▸ **Work task**
Could you give the data below again exactly, apart from the pictures?

▸ **Exercise data**

# # # #

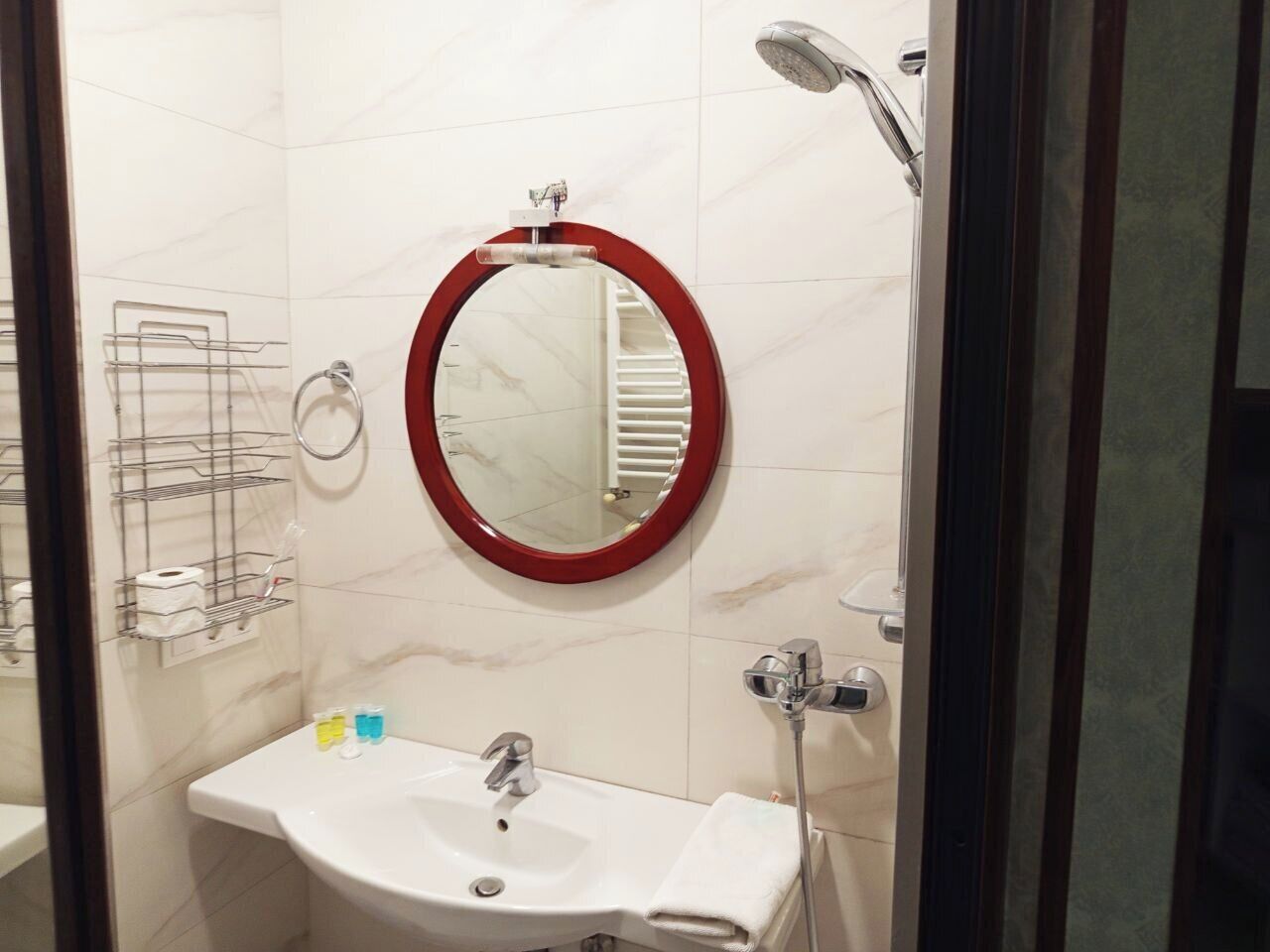 Economy Twin Room, Courtyard View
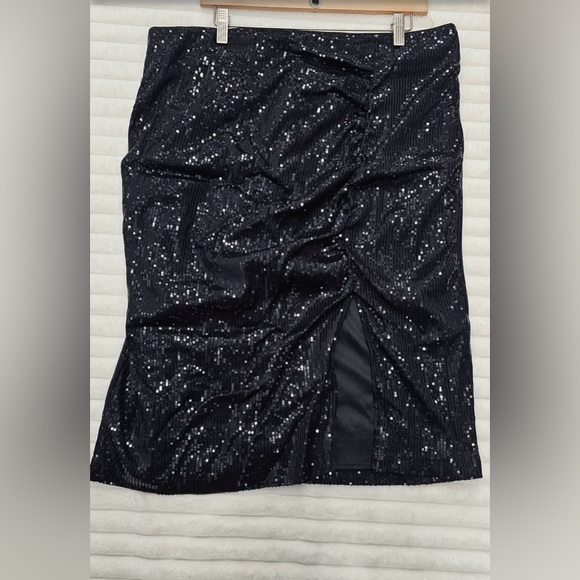 NY & Co Black Sequin Squirt Size 2XL - Picture 2 of 4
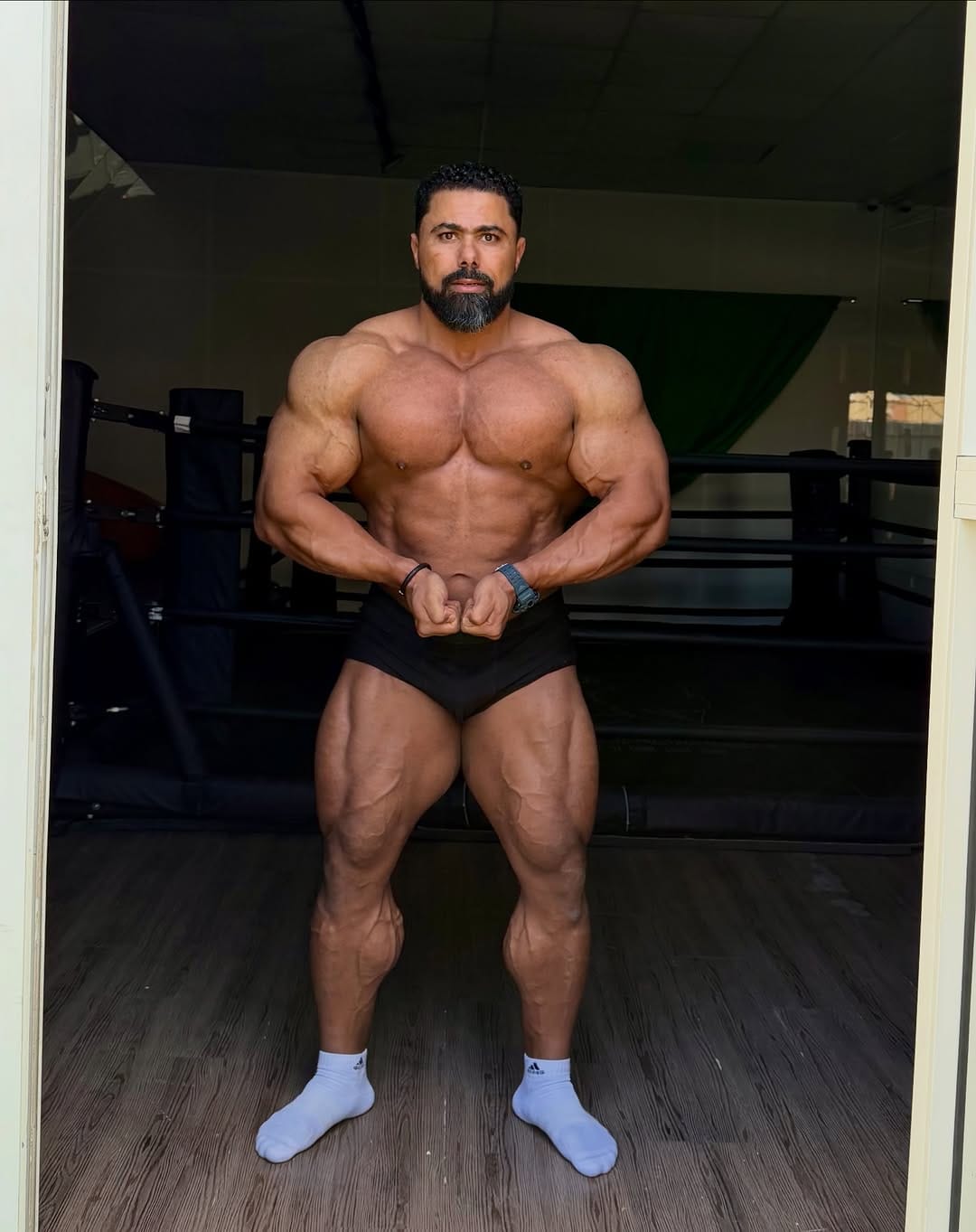Post 1 by “IFBB Pro Bodybuilder | Dubai Coach Mahmoud Negm” on Instagram (image)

# # # #

▸ **Solution to this problem**
 Economy Twin Room, Courtyard View
 NY & Co Black Sequin Squirt Size 2XL - Picture 2 of 4
Post 1 by “IFBB Pro Bodybuilder | Dubai Coach Mahmoud Negm” on Instagram (image)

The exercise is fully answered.